Aux commandes de son Kuntur, Joyce serra les poings sur les manettes, une chaleur désagréable montait dans sa poitrine. La frustration. Voilà ce que c'était. Ce silence des médias mondiaux était pire qu'une condamnation. C'était du mépris. Elle s'attendait aux accusations habituelles, aux gros titres pointant du doigt l’Union et son nid de rebelles d'Axis Mundis. Une pirouette facile, presque réconfortante dans sa prévisibilité. Le tic toc de l’horloge, le bruit attendu de validation, qui confirme qu’une même action amène toujours aux mêmes conséquences. Mais rien. Pas même un commentaire de diplomate en marge des grands conflits d’Eurysie. Comme si cinquante millions d'âmes décidant de leur propre avenir n'étaient qu'une note de bas de page dans le grand livre des oligarques. « Ils doivent se chier dessus », pensa-t-elle avec une satisfaction amère. Bien sûr qu'ils avaient peur. Le Communalisme était déjà au gouvernement fédéral.
D’ailleurs la ville ne déclarait pas son indépendance, mais l’accélération de l’Histoire au sein d’un pays déjà brisé par la crise. La Fédération laissait faire. Sans moyen de communication, mieux valait accepter les excentricités des extrêmes que les pousser à la sécession. C'est du moins ce qu'avait expliqué Curao, le député en mission, lors du briefing.
Comme s’il lisait dans ses pensées, Craven − son copilote − grogna. Un son étouffé par son masque.
« Putain.
– Ouais.
– Sacrée ville.
– Oh que oui. »
Elle acquiesça. Depuis le porte-conteneur, ils ne devinaient que la silhouette lumineuse d'Ibishima. Des tours de béton et d'acier formant comme une muraille sous un ciel violacé. Les panneaux publicitaires et de nombreuses fenêtres réduits à une masse d’yeux crevés. Maintenant que le Kuntur prenait de l'altitude, les deux kah-tanais mesurèrent l'immensité de la métropole. Un miroir d'étoiles colorées, tungstène, néon, renvoyait l'image déformée d'un ciel voilé par la pollution. Un miroir qui semblait sans rivages.

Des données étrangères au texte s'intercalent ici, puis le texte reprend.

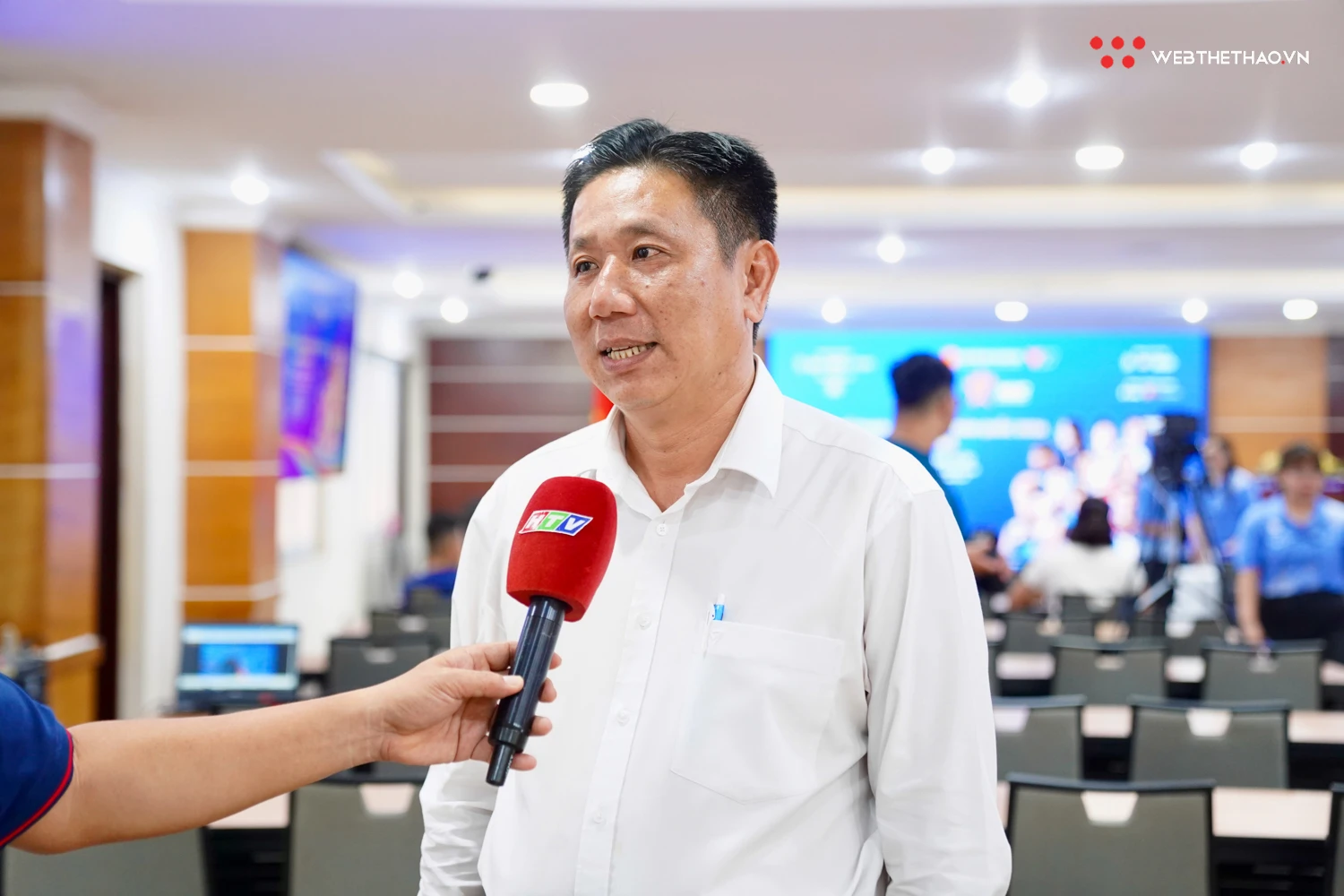 Thạc Sĩ Huỳnh Văn Thịnh - Phó trưởng Phòng Công Tác Sinh Viên Trường Đại Học Bách Khoa - Đại học Quốc Gia TP.HCM trả lời phỏng vấn của báo chí. Ảnh: Việt Long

« Des types vivent là-dedans », insista Craven. »
Elle acquiesça.
« T’as déjà mis les pieds à Heon-Kuang ?
– Je vois où tu veux en venir. T’inquiète. »
Elle rit. Ils venaient tous les deux des villes intermédiaires de l'Union, où les métropoles devenaient rarement des mondes en soi. Heon-Kuang, qui faisait exception, comptait dix millions d’habitants. Une plaisanterie face aux cinquante millions d'Ibishima.
Joyce poussa les manettes. Le Kuntur vibra, ses réacteurs latéraux se redressant dans un bruit de turbine hydraulique. La trajectoire verticale laissa place à une courbe élégante. Il s’élança en avant. Craven attrapa l’intercom.
« Tout va bien derrière ? »
Deux coups frappèrent la porte du cockpit. Il ricana et raccrocha le micro au plafond. Puis il jeta un coup d’œil à son tableau de bord. Manifestement la mission avait héritée d’un statut prioritaire : la constellation de satellites géostationnaires chargés de la surveillance en Aleucie faisaient directement parvenir des paquets d’information cryptée à l’ordinateur de bord, lequel les passait au broyeur et en extirpait des produits finis. Une carte satellite, des lectures spectrographiques indiquant les principaux attroupements, des informations sur les centres du nouveau pouvoir et la présence d’autres appareils dans le ciel. Tout était traité par un centre opérationnel intelligent, géré par leur opératrice de bord, et la technologie de pointe du Commissariat à la Paix.
Un doute terrible saisit Joyce, alors qu’elle faisait passer le transport au-dessus d’une première rangée d’immeubles.
« Tout leur système internet est down, c’est bien ça ?
– Pas down, mort », rectifia Craven. »
Elle fit contourner une tour particulièrement haute au Kuntur pendant que Craven arpentait la carte satellite à la recherche d’une place ou d’une avenue. Joyce secoua la tête.
« C’est lié à un virus ?
– De ce qu’on sait. »
Elle cligna des yeux, plusieurs fois. Un tic nerveux associé chez elle à un certain niveau de nervosité. Elle se sentait soudain à l’étroit dans sa combinaison.
« Et si le truc s’infiltre dans nos systèmes ?
– On a pris des mesures contre.
– Mais si elles ne suffisent pas ? »
– Qu’est-ce que tu proposes ?
– On devrait couper la liaison satellite, déjà. »
Craven mis quelques secondes pour réfléchir à sa proposition. Il secoua la tête.
« Je pense que si c’était un risque les grosses têtes nous auraient briefés en conséquence.
– Ben, je sais bien... »
Pour autant, ça ne lui semblait pas des plus prudents. Elle jeta un œil à son copilote. Son front s'était plissé. Il partageait maintenant son malaise. Sentant peut-être son regard, il se força à sourire, tapotant les outils de navigation du bout des doigts avant de pointer la carte satellite de la ville.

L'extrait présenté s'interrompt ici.